[Items from a dataset]
§ §

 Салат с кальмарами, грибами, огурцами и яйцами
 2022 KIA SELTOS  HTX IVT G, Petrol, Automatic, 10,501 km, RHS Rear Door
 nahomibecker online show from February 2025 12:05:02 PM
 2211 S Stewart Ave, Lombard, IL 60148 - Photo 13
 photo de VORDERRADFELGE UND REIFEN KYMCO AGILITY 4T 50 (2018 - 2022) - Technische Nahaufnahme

§ §

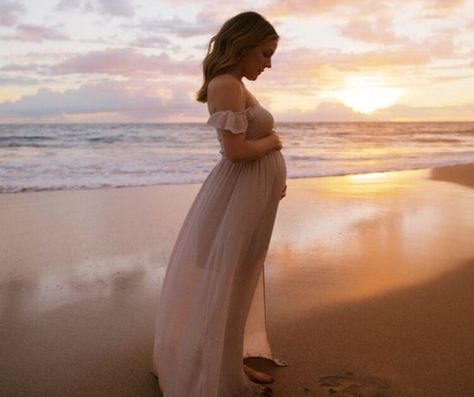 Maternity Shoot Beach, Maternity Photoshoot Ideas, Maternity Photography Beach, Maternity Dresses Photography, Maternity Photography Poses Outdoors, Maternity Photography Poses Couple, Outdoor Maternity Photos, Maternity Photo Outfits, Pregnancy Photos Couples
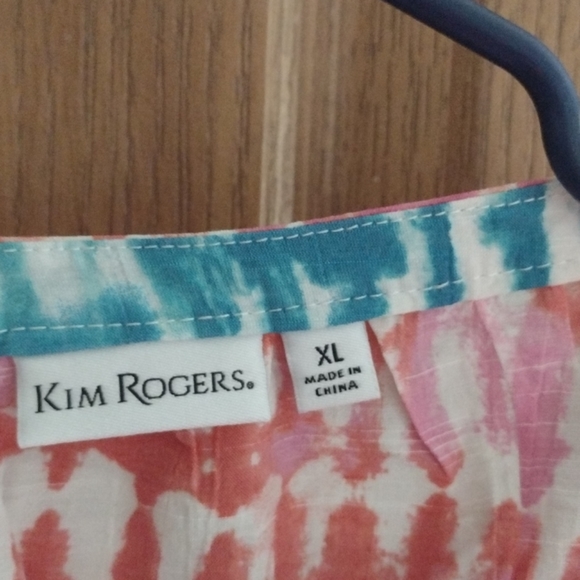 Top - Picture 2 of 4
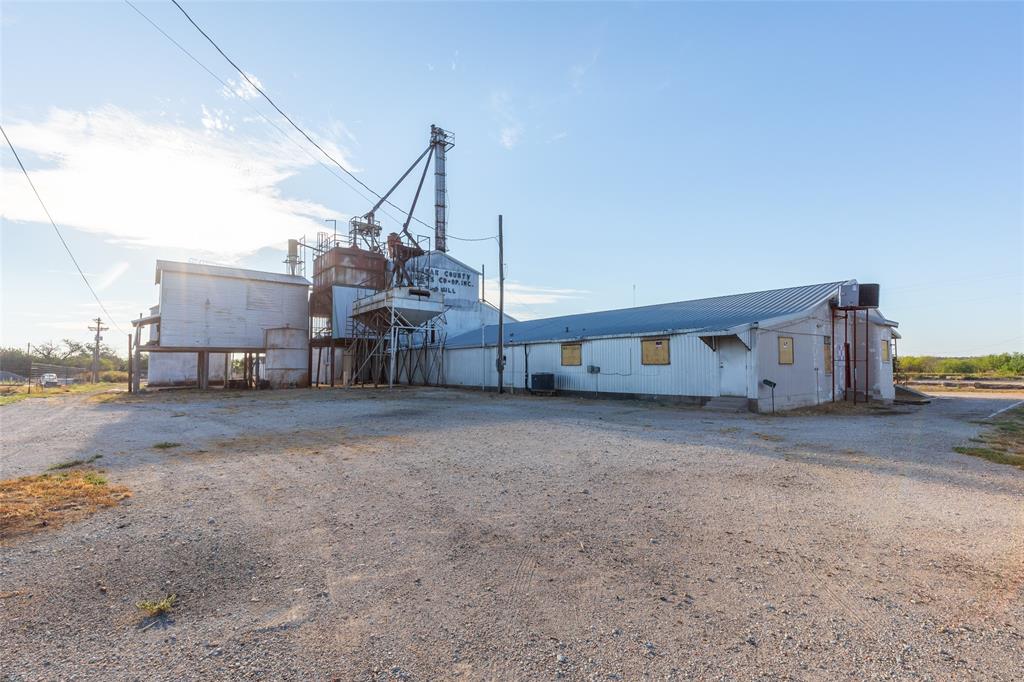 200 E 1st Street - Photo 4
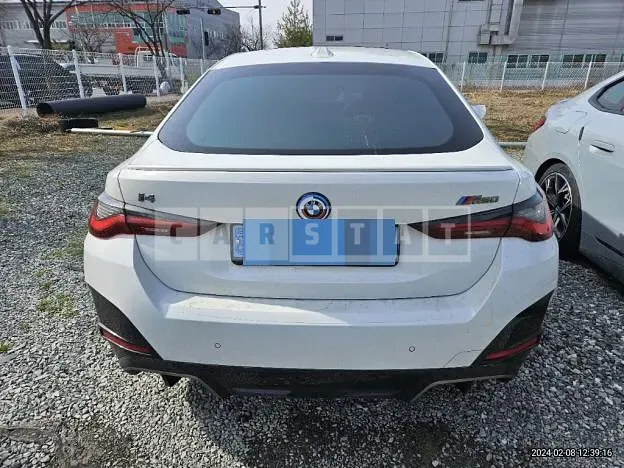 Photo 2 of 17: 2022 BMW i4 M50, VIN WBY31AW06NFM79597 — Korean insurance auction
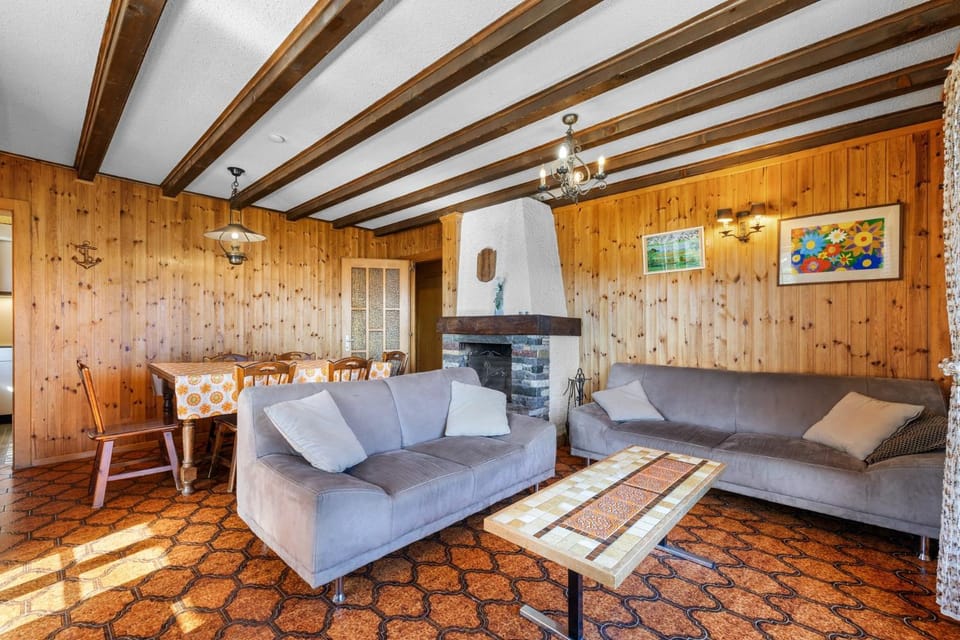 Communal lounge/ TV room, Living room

§ §

Task directions
Set down, exactly as they appear above, all lines from the one that has "Салат с кальмарами, грибами, огурцами" down to the one that has "photo de VORDERRADFELGE", including those two and no others.

Task answer
 Салат с кальмарами, грибами, огурцами и яйцами
 2022 KIA SELTOS  HTX IVT G, Petrol, Automatic, 10,501 km, RHS Rear Door
 nahomibecker online show from February 2025 12:05:02 PM
 2211 S Stewart Ave, Lombard, IL 60148 - Photo 13
 photo de VORDERRADFELGE UND REIFEN KYMCO AGILITY 4T 50 (2018 - 2022) - Technische Nahaufnahme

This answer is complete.